She’s gone 1-1 since her return, losing to Celina Salazar and defeating Perla Hernandez. The Hernandez fight was on Nov. 1 in Mexico, so it will be seven months between fights for Julaton.
That’s simply too long for her taste. She used to train with Freddie Roach, who loved the fact that she stayed active.
“Freddie would always say activity is the best thing for a boxer, and I really agree with that,” she said. “When Allan had those shows going regularly, I was able to get into and stay in a groove and I was fighting my best. Having two fights in four weeks is going to be good for me.”
She said the success of the women’s division in the UFC and the way UFC president Dana White treated it also made her take notice. Women’s boxing is very popular around the world, but not nearly so much in the U.S. The majority of boxing media in the U.S. ignores women’s boxing.
It was big news, though, as soon as White added women to the UFC and the women’s fights have been covered vigorously. Julaton said she is impressed by what UFC champion Ronda Rousey has done for women’s MMA and said Rousey clearly understands how to promote.
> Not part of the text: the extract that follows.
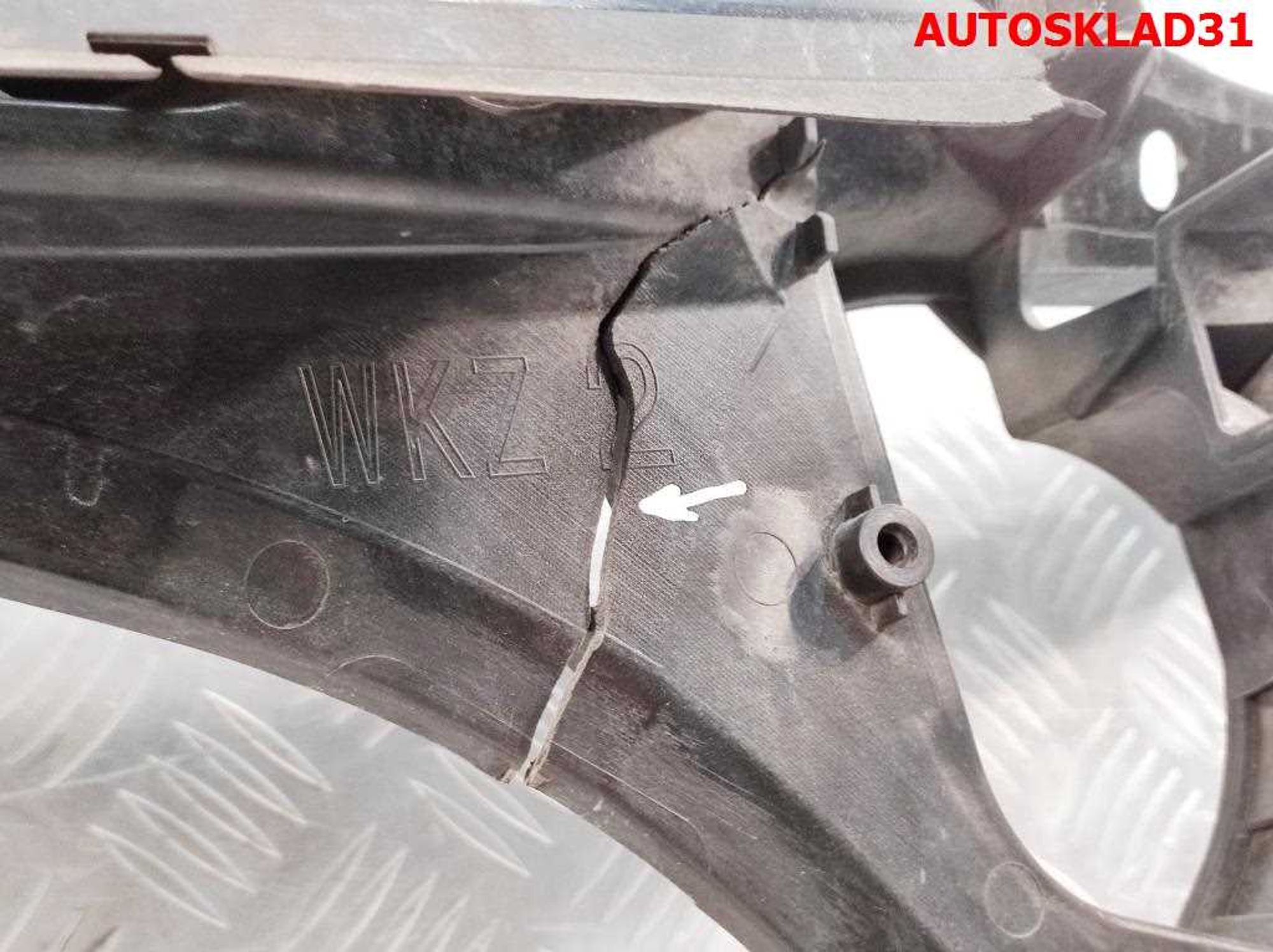 Панель передняя Audi A6 C7 4G 4G0805594, 12000 рублей, Дубовое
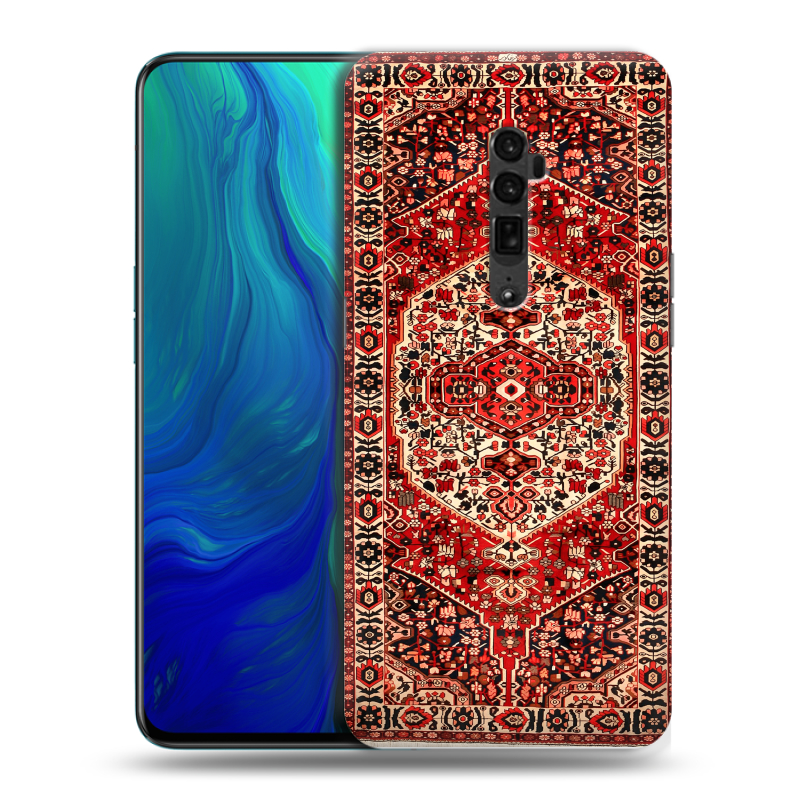 Пластиковый чехол на OPPO Reno 10x Zoom с принтом Ковер Пластиковый чехол на OPPO Reno 10x Zoom с принтом Ковер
“Everything Ronda has, she has earned and she has worked extremely hard for, and that’s been inspirational for me to watch as a fan,” Julaton said. “She put herself out there and she got involved at the grass roots level. Even before she was in the UFC, she was putting videos on YouTube and just getting people to pay attention to her.
“At the end of the day, that’s what it takes for fighters to get noticed, male or female. Promotion is a part of the job. We have to make people want to see us and entertain them with good, competitive fights when they do.”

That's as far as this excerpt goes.